On dit fréquemment que les chimistes sont de bons cuisiniers et de bonnes cuisinières! En effet, en cuisine, les chimistes se sentent comme au laboratoire; et au laboratoire, on expérimente, on découvre de nouvelles voies d’exploration de la matière, on invente, bref on crée à l’image d’un grand chef dans un restaurant innovant.
Je ne peux pas garantir que les chimistes font des miracles en cuisine. En effet, je connais des chimistes qui savent à peine apprêter une boîte de raviolis, et d’autres chimistes qui pourraient ouvrir un restaurant et faire fortune!
Cependant, faire de la cuisine, c’est un peu comme faire de la chimie; et ceci est vrai pour deux raisons principales:
• D’une part, les approches méthodologiques sont très similaires.
Avant de réaliser une expérience de chimie (p.ex. la création d’une nouvelle molécule), les chimistes se posent des questions fondamentales et cherchent dans les livres de référence si d’autres chimistes ont déjà trouvé des réponses à certaines de leurs questions: Est-ce que la réaction que je vais réaliser va conduire à la molécule que j’attends?

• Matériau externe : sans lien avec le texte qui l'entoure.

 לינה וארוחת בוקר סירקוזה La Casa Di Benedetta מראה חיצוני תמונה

Vais-je devoir travailler à froid ou à chaud, avec quelles proportions de réactifs de départ? La molécule finale va-t-elle être stable ou au contraire se décomposer rapidement? Ensuite viendra l’expérience, qui permettra de confirmer ou non si l’intuition était bonne, ou s’il faut modifier des paramètres pour y arriver. Finalement viendra la consécration (si la réaction a réussi) avec la publication de l’expérience dans une revue spécialisée pour chimistes. L’ensemble de ces étapes est ce qu’on appelle la démarche expérimentale.

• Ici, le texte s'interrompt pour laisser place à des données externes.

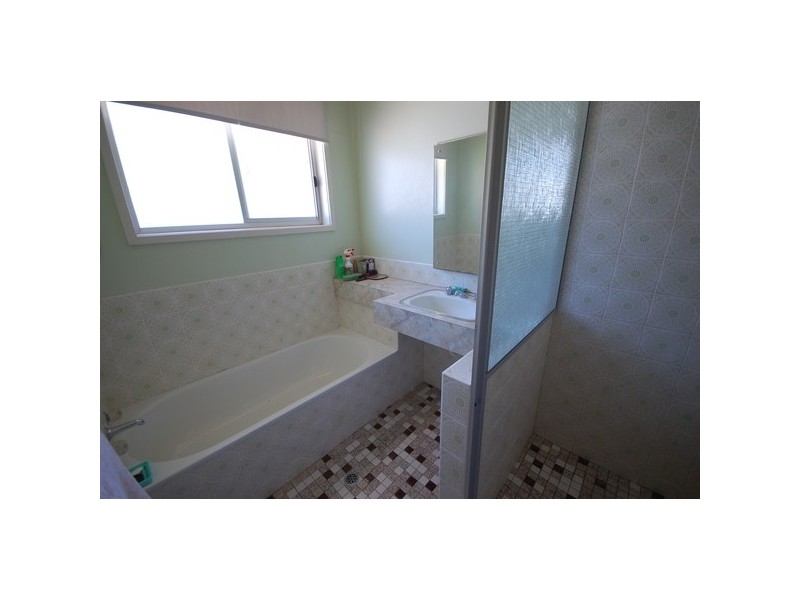 6 Jolly Place, Griffith NSW 2680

De la même manière, les cuisiniers qui souhaitent préparer un nouveau plat vont devoir se demander si les ingrédients qu’ils utilisent se marient bien entre eux, si le résultat final aura le goût attendu, si l’ajout d’une substance supplémentaire augmentera la qualité gustative de l’ensemble. Puis viendra la réalisation du plat en cuisine, puis l’épreuve du feu: l’œuvre culinaire sera-t-elle digne de figurer dans un grand livre de cuisine? La démarche culinaire n’est pas bien différente de la démarche expérimentale.

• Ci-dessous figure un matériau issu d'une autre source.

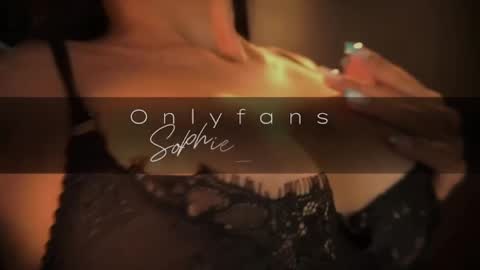 Snapshot of team_soler chatting on February 2025 10:29:02 PM Loren Soler Sophie Soler 19 years online show from February 2025 10:29:02 PM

• D’autre part, les transformations qui se déroulent lorsqu’on cuisine relèvent de la chimie.
Lorsqu’on cuit une viande, lorsqu’on transforme un œuf frais en œuf au plat ou brouillé ou à la coque ou cuit dur, lorsqu’on prépare une mayonnaise, ce sont bien des réactions chimiques et des transformations physiques qui se déroulent et qui peuvent parfaitement être décrites en termes scientifiques.
Ceci a l’avantage de rendre l’acte de cuisiner plus quantitatif, plus reproductible, plus maîtrisable.
D’ailleurs, il existe une science, la gastronomie moléculaire, qui explique les transformations se déroulant en cuisine en termes de chimie et de physique, et qui tend à formaliser ces transformations culinaires au même titre que les scientifiques formalisent leurs observations en modèles. Le chimiste français Hervé This a élevé la gastronomie moléculaire au rang d’une véritable discipline, et ses ouvrages pour le grand public (p.ex. "Les Secrets de la Casserole" et "La Casserole des Enfants") font fureur dans de nombreuses cuisines.
Pour terminer, la cuisine et la chimie partagent des mêmes valeurs: la passion, le plaisir, l’expérimentation, la créativité. Allez Lilou, aux fourneaux!